::: MATERIAL FOR THIS EXERCISE
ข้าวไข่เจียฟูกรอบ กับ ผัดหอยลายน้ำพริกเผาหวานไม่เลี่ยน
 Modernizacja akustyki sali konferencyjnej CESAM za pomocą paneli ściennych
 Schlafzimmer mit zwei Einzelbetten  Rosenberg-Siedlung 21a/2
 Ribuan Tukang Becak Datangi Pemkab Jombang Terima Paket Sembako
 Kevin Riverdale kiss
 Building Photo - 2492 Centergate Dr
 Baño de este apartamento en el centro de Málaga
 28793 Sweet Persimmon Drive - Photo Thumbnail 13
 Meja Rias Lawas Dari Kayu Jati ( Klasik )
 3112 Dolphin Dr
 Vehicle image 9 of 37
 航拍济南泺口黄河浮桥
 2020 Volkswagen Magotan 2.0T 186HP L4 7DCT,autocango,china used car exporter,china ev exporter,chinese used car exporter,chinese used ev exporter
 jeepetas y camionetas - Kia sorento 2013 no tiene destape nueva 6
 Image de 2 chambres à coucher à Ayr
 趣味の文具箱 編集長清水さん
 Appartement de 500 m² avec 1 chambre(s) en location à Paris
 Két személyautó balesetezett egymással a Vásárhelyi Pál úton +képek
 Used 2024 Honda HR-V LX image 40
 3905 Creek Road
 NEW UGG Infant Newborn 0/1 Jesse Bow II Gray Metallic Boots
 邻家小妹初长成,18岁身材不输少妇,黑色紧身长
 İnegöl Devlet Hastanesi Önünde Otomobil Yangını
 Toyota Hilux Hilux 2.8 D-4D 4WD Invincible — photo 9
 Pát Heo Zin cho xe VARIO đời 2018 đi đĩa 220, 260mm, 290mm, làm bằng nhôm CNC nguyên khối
::::::
WORK ORDER
Write out the lines of the records exactly, starting at the one holding "Vehicle image 9 of 37" and ending with the last line, and include no others.

WRITTEN RESPONSE
 Vehicle image 9 of 37
 航拍济南泺口黄河浮桥
 2020 Volkswagen Magotan 2.0T 186HP L4 7DCT,autocango,china used car exporter,china ev exporter,chinese used car exporter,chinese used ev exporter
 jeepetas y camionetas - Kia sorento 2013 no tiene destape nueva 6
 Image de 2 chambres à coucher à Ayr
 趣味の文具箱 編集長清水さん
 Appartement de 500 m² avec 1 chambre(s) en location à Paris
 Két személyautó balesetezett egymással a Vásárhelyi Pál úton +képek
 Used 2024 Honda HR-V LX image 40
 3905 Creek Road
 NEW UGG Infant Newborn 0/1 Jesse Bow II Gray Metallic Boots
 邻家小妹初长成,18岁身材不输少妇,黑色紧身长
 İnegöl Devlet Hastanesi Önünde Otomobil Yangını
 Toyota Hilux Hilux 2.8 D-4D 4WD Invincible — photo 9
 Pát Heo Zin cho xe VARIO đời 2018 đi đĩa 220, 260mm, 290mm, làm bằng nhôm CNC nguyên khối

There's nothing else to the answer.